Former director of public prosecutions Mxolisi Nxasana at the Commission of Inquiry into State Capture in Johannesburg yesterday. Picture: Refilwe Modise

Former director of public prosecutions Mxolisi Nxasana at the Commission of Inquiry into State Capture in Johannesburg yesterday. Picture: Refilwe Modise

Mxolisi Nxasana testified his appointment was shrouded in controversy, which left him ‘shocked’.

Mxolisi Nxasana was fully aware of the National Prosecuting Authority’s (NPA) history of challenges related to political interference, which led to those appointed to head the law enforcement agency not completing their full 10-year term in office – and he soon became a victim thereof as well.

The Commission of Inquiry into State Capture today heard testimony from the former director of public prosecutions (NDPP), Nxasana, the sixth-most senior NPA official appointed on October 1, 2013.

He told Deputy Chief Justice Raymond Zondo of political interference, which affected the independence of the institution.

“From this history and also what I experienced at the NPA, there has been political interference, as well as external interference that impacted on the work of the NPA and its stability,” said Nxasana.

His appointment was shrouded in controversy, which left him “shocked”.

In 2013, Nxasana received a call from former president Jacob Zuma’s lawyer, Michael Hulley, who told him he was mandated by Zuma to head-hunt a candidate to fill the position of NDPP, left vacant in 2012 by Menzi Simelane.

“I was shocked and surprised,” said Nxasana of the call.

Asked by commission evidence leader Paul Pretorius on whether there was any formal job interview before being appointed NDPP, Nxasana said: “That was not done.”

A necessary security clearance application, he said, was only completed after he assumed office.

Nxasana was told by Hulley, who asked for his curriculum vitae: “The president is under pressure to appoint,” and as far as he was aware, the position was not even advertised.

During a 30-minute meeting with Zuma at his official presidential residence, Nxasana said the former president told him in isiZulu: “This is a position where spears will be directed at you.”

“As I was leaving, I think it was Mr Hulley who asked whether I had anything to say, and I responded by saying my father, who was the president’s comrade, was a trade unionist.

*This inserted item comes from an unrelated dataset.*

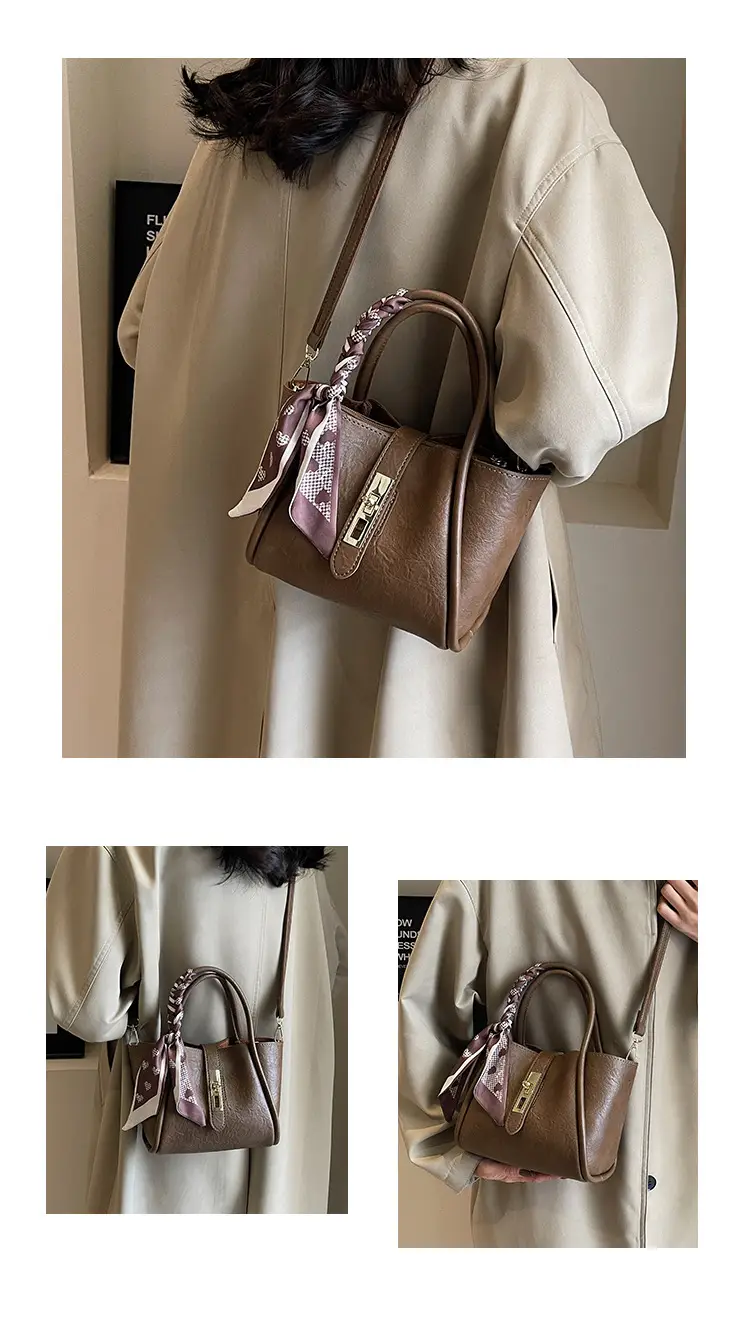Retro Brown Crossbody Bag for Women with Logo — feature 14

I think it was necessary to mention that at the time,” said Nxasana.

It later emerged that Nomgcobo Jiba – who acted in the position at the time – had been promised a permanent appointment by then justice and constitutional development minister Jeff Radebe.

Upon delivering a speech to staff at the NPA after assuming office, Nxasana declared that he would be the first NDPP to serve a full term, after which he overheard a man in the corridor who said he would be surprised if he lasted for three months in the job.

That man turned out to be Jiba’s ally, Lawrence Mrwebi, implicated in previous state capture testimonies.

Jiba was said to have been on a campaign to discredit Nxasana.

The mention of Jiba by Nxasana during his testimony, drew a sharp response from her senior counsel, Vuyani Ngalwana, who argued that evidence implicating Jiba “should be held back” until her legal team has reviewed the evidence.

Ngalwana said Jiba was concerned about the timing of Nxasana’s evidence because she feared the allegations made by Nxasana could “colour” how her dismissal was put to the National Assembly.

“Any allegation that is made against a person is taken by society to be the truth before it is tested,” said Ngalwana.

Pretorius said Nxasana’s evidence was not timed to prejudice Jiba.

“Those consequences can never be an excuse to not lead evidence,” said Pretorius.

Zondo ruled that the proceedings continued because evidence led was already in the public domain.

The commission will today hear the testimony of Cynthia Agnes Soraya, former head of financial risk management at South African Airways.